Problem:
Exclude the pictures, and otherwise reproduce the data in full.
===== Data for this task
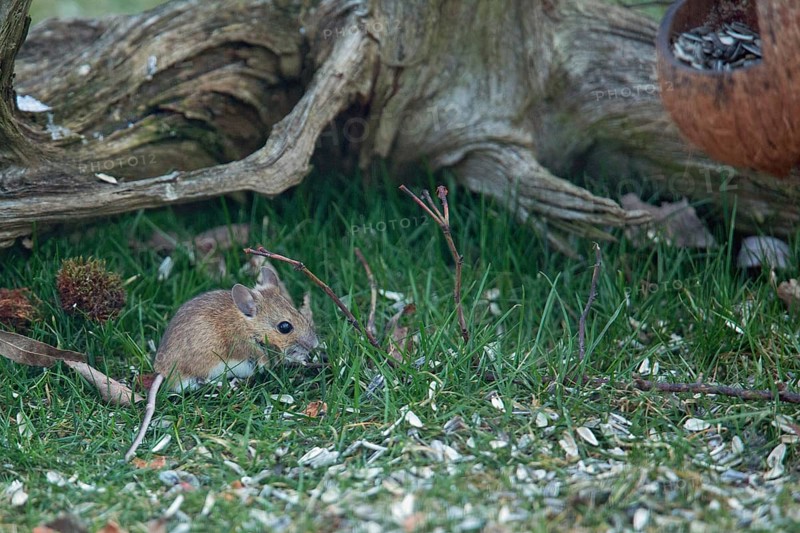 Wood mouse standing in green grass looking right in front of tree root with food bowl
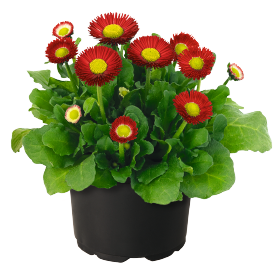   BellaDaisy Red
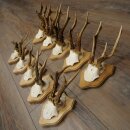 10 pairs of roe deer antlers mounted on new trophy...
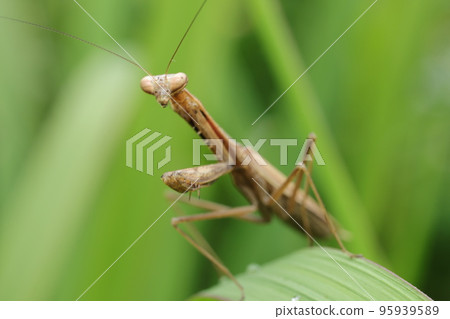 Kokamakiri Kokamakiri 95939589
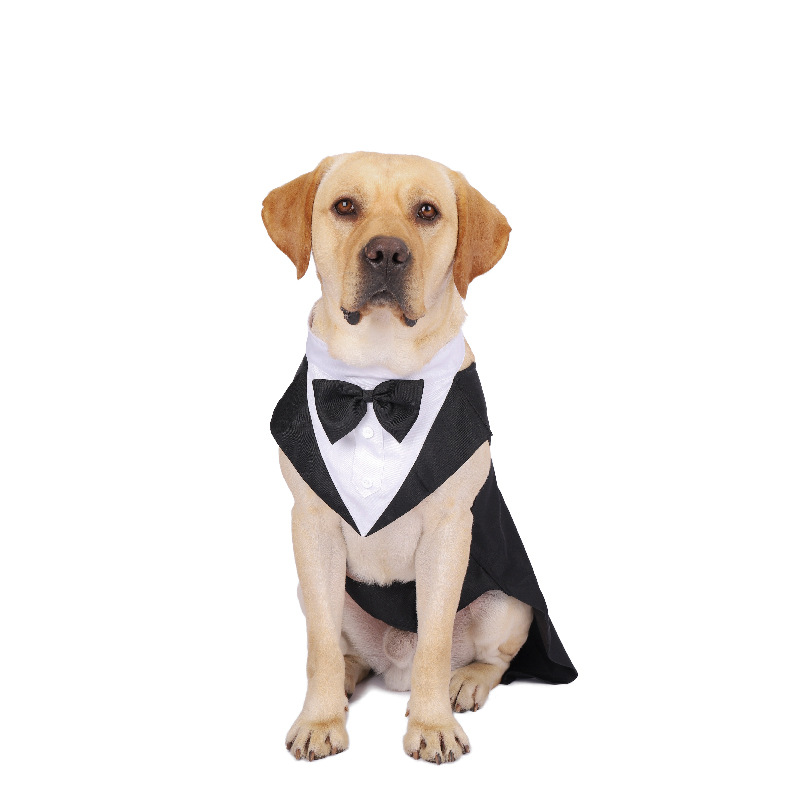 Pet Dog Clothes Fashion Party  - مراجعة Suit Supply Wedding Party وسعره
==========
Solution below:
 Wood mouse standing in green grass looking right in front of tree root with food bowl
   BellaDaisy Red
 10 pairs of roe deer antlers mounted on new trophy...
 Kokamakiri Kokamakiri 95939589
 Pet Dog Clothes Fashion Party  - مراجعة Suit Supply Wedding Party وسعره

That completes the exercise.